> Action item
Please copy each line of the listing below precisely, excluding the images.

___ Data extract

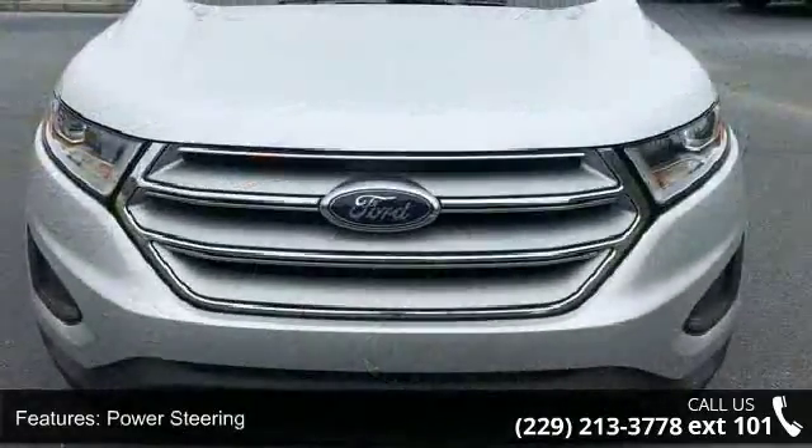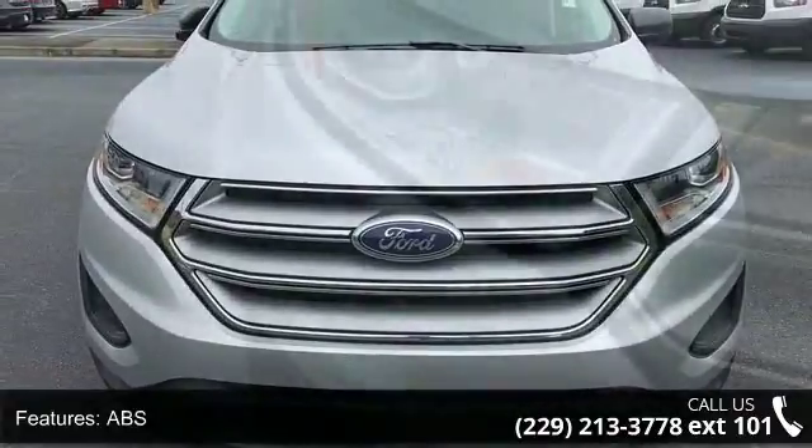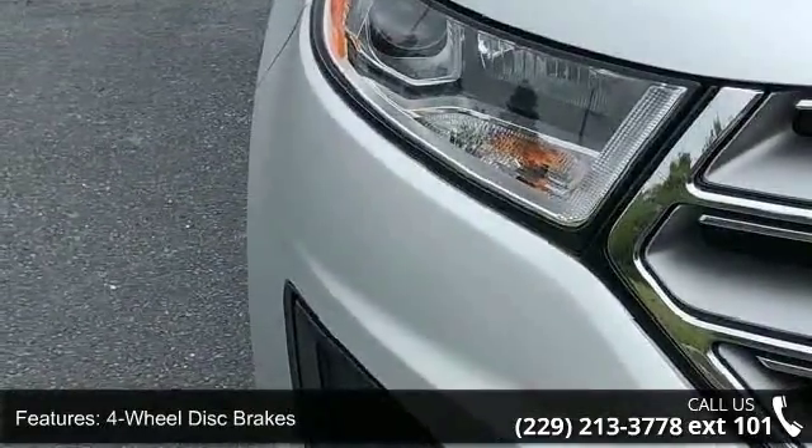Low mileage is an important factor in your purchase and this vehicle delivers a low odometer reading. Let us put you in the driver's seat today. Call or click to schedule a test drive.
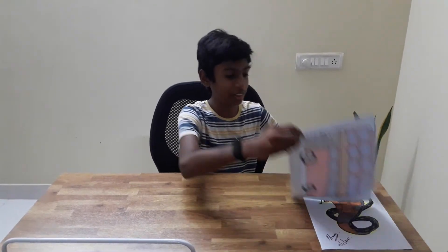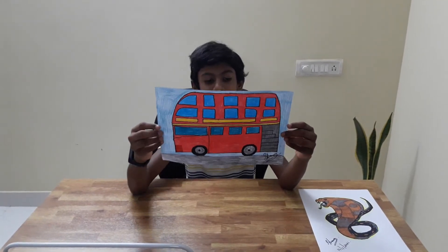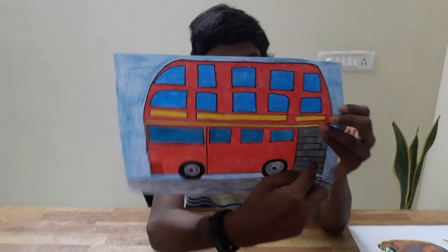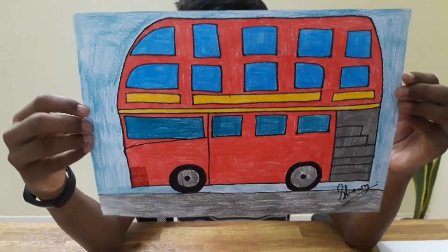Hey guys, welcome back! Today I'm going to show another two of my drawings. First we have the double-decker bus, which has a lot of detail like the steps and the windows, and I especially like the color of the bus.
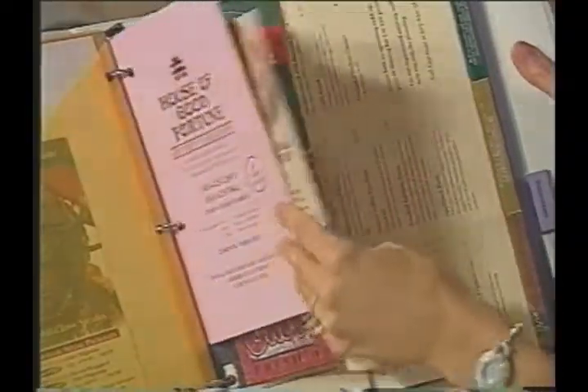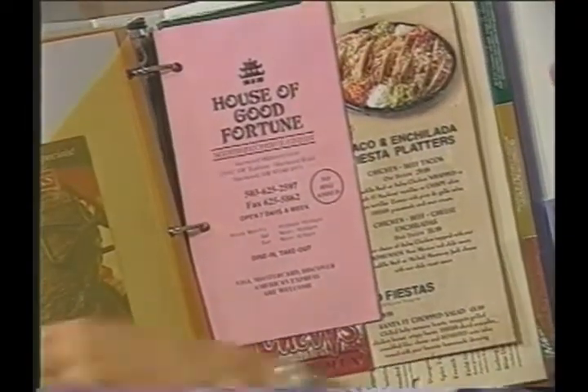And then of course we all have takeout menus. This is a great place to store your takeout menus for easy reference for everyone in the family. So if you need to restore order to all those household papers, contact Restoring Order for your very own household reference binder.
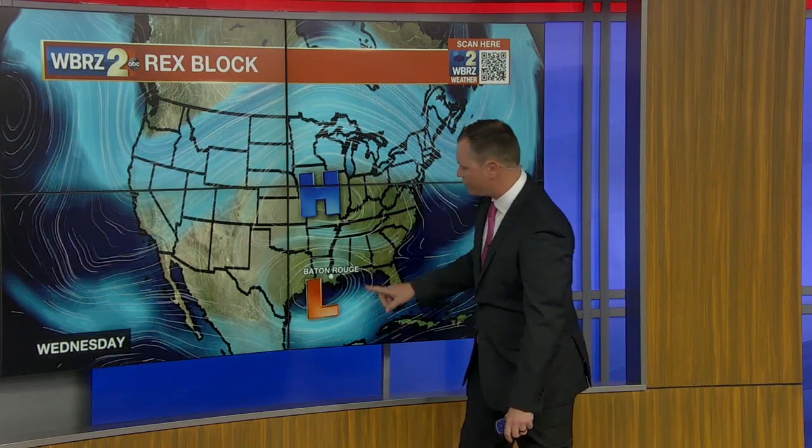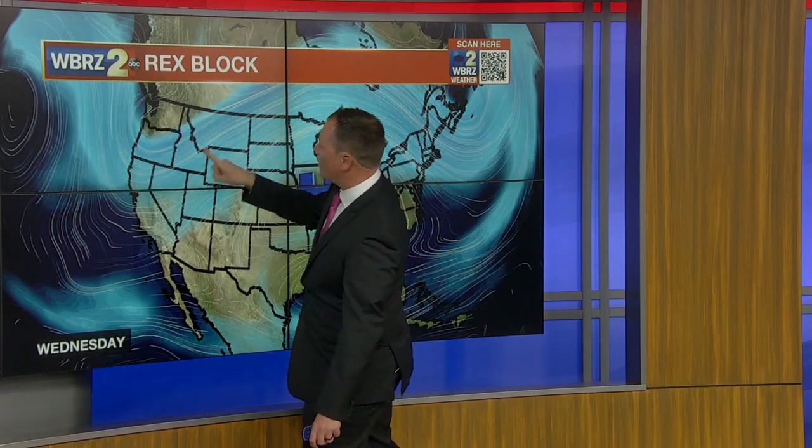The area of low pressure, the red L, is where we see this counterclockwise circulation. And the only way one of these patterns can dislodge is when one of these two systems weakens. In this case, the area of high pressure will be weakened by another counterclockwise circulation — an area of low pressure that will kick it away to the east later in the week.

______

> Output below
Low mileage is an important factor in your purchase and this vehicle delivers a low odometer reading. Let us put you in the driver's seat today. Call or click to schedule a test drive.
Hey guys, welcome back! Today I'm going to show another two of my drawings. First we have the double-decker bus, which has a lot of detail like the steps and the windows, and I especially like the color of the bus.
And then of course we all have takeout menus. This is a great place to store your takeout menus for easy reference for everyone in the family. So if you need to restore order to all those household papers, contact Restoring Order for your very own household reference binder.
The area of low pressure, the red L, is where we see this counterclockwise circulation. And the only way one of these patterns can dislodge is when one of these two systems weakens. In this case, the area of high pressure will be weakened by another counterclockwise circulation — an area of low pressure that will kick it away to the east later in the week.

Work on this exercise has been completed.